When it comes to a playlist of hits, simply stated, Joni Mitchell’s a superstar. During the 1970s Mitchell’s Blue played on grandma and grandpa’s Acoustic Research turntables. The classic album portrays a fragile and shy artist’s songs about lamenting life’s lost loves with strokes of beauty and hope.
Mitchell had fallen off my radar until recently when I saw PBS’s Joni 75 where fellow musicians performed the legendary singer-songwriter’s work. She was at the concert appearing to be in good spirits but didn’t sing.
I wasn’t aware that her life took a tragic turn in 2015. Mitchell was found at home unconscious after suffering a brain aneurysm. Her strength prevailed during a difficult recovery, and she had to learn how to walk again.

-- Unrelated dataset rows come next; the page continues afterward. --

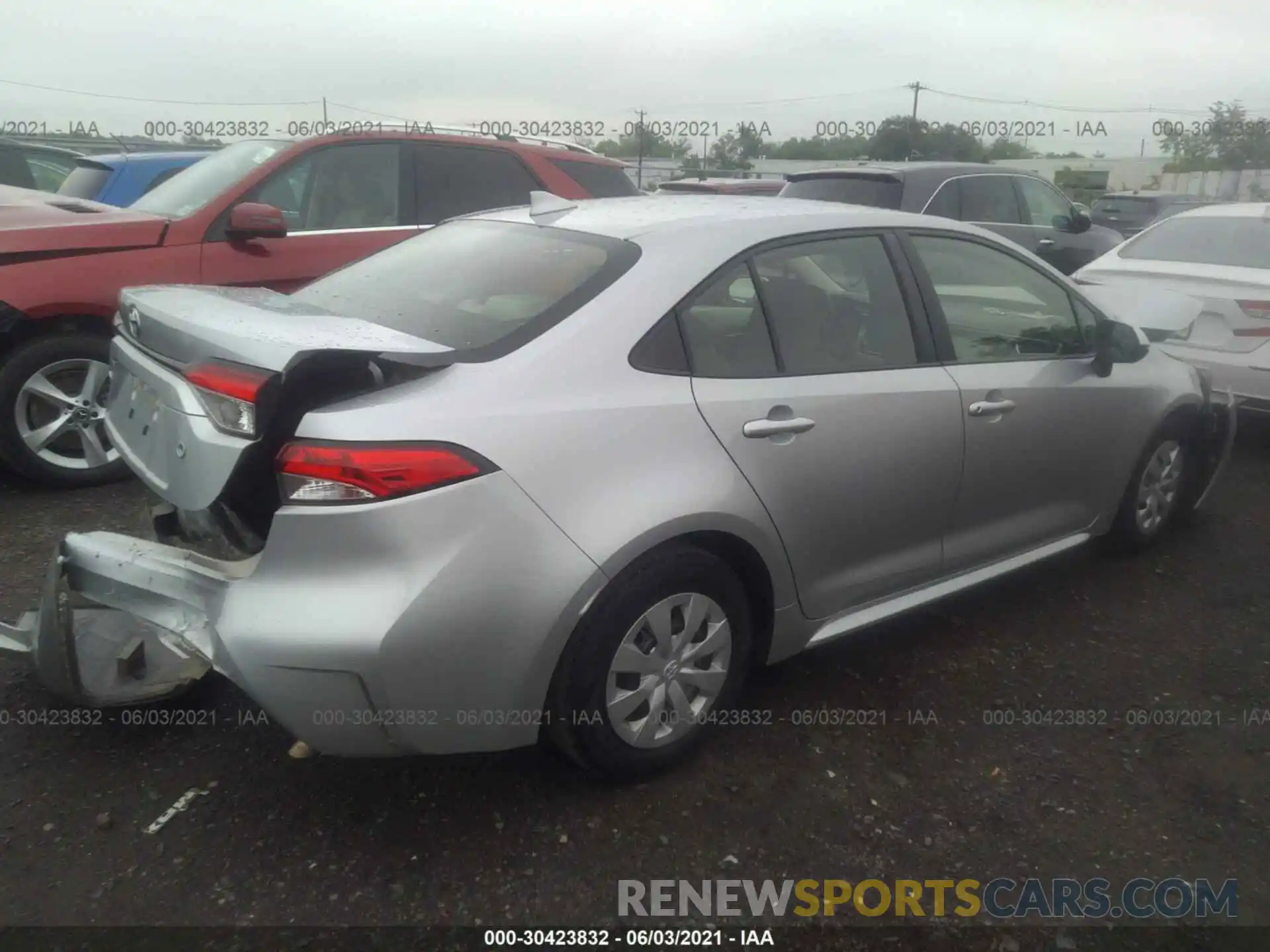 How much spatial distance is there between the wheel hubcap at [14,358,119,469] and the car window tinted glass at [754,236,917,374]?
126 inches

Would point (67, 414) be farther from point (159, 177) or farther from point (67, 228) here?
point (159, 177)

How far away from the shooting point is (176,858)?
7.89ft

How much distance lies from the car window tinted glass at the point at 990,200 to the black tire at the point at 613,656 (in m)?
6.65

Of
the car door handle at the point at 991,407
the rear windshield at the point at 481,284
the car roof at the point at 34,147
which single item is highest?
the car roof at the point at 34,147

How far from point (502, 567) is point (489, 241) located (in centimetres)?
134

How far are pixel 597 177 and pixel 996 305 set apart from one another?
335cm

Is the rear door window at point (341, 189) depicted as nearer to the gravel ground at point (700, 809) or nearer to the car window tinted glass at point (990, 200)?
the gravel ground at point (700, 809)

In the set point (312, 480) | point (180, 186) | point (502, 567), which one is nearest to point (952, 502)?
point (502, 567)

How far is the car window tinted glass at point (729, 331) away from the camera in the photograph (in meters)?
2.72

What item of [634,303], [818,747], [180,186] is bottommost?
[818,747]

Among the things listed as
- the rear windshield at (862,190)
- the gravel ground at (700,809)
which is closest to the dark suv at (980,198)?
the rear windshield at (862,190)

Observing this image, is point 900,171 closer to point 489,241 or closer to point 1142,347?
point 1142,347

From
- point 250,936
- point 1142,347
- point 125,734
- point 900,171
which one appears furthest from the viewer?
point 900,171

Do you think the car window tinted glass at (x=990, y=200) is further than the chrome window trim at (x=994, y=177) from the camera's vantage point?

Many consider Blue one of the greatest relationship records of all time. Much like a fondly remembered ex-lover’s name whispered, she references lovers Graham Nash and James Taylor. Only after a few romantic shipwrecks of my own making would Blue make total sense.
Art schools in the 1970s were full of aspiring, young Joni Mitchells. My first brush with the Joni’s occurred at my alma mater, the Maryland Institute of Art (MICA). These carefree, flower children steeped in patchouli exuded intense bohemian personas. They rolled their own Bugler tobacco cigarettes and also blew good smoke rings. Together as art students we learned about the color blue and Abstract Expressionism.
Mt. Royal Station is an historic, old train station in Baltimore. It’s part of MICA’s campus with classroom spaces on the first floor. As the lights dimmed in auditorium S3, art history professor W. Bowdoin Davis Jr. sat cross-legged on top of a wooden speaker podium in a Buddha-like position showing slides. He began a three-hour monologue.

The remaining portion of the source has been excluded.